The CDR (Centre for Display Research), part of the Hong Kong University of Science and Technology, is working to improve TFT LCDs. Silicon TFTs are widely used but produce high processing temperatures. CDR's goal is to develop an alternative that will decrease temperatures and increase transistor speed.

Finally, graphic designers, animators, and gamers will want to keep an eye on Philips Electronics and its Auto-Stereoscopic 3D-LCD technology. The Philips Optics unit makes the lenticular lens screens needed to produce 3D-LCD systems. This is the same technology that's been used for years to produce 3-D postcards and signs with images that appear to flip or move depending on the viewing angle. This screen contains curved ridges called lenticules. Different images are aligned in alternating strips so that you can see a single, coherent image from a particular viewing angle. The angle changes in relation to your line of sight, resulting in an illusion of movement or 3-D texture.

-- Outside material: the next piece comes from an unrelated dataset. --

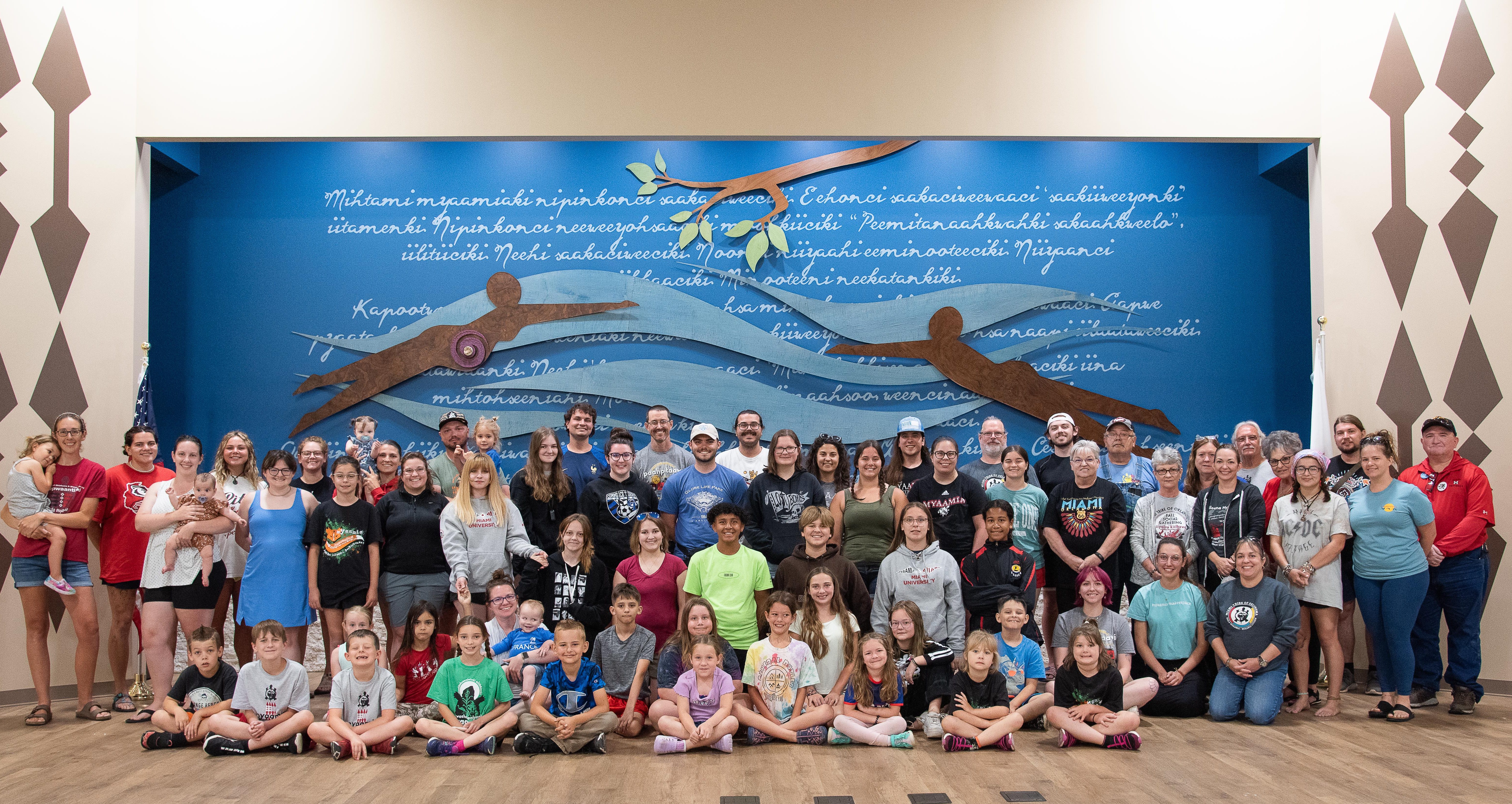 A group of about 60 people pose for a photo in the Miami Tribe's council house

  Bigger & Better. LCDs have come a long way, and monochrome CRTs have been reduced to a distant memory. With LCD prices falling, and desktop real estate buckling under the weight of ever-larger CRTs, LCDs might soon dominate the display market. And with the variety of research currently underway, LCDs surely will do more than just grow in size and number. Look just around the corner for sharper, brighter images and zippier performance.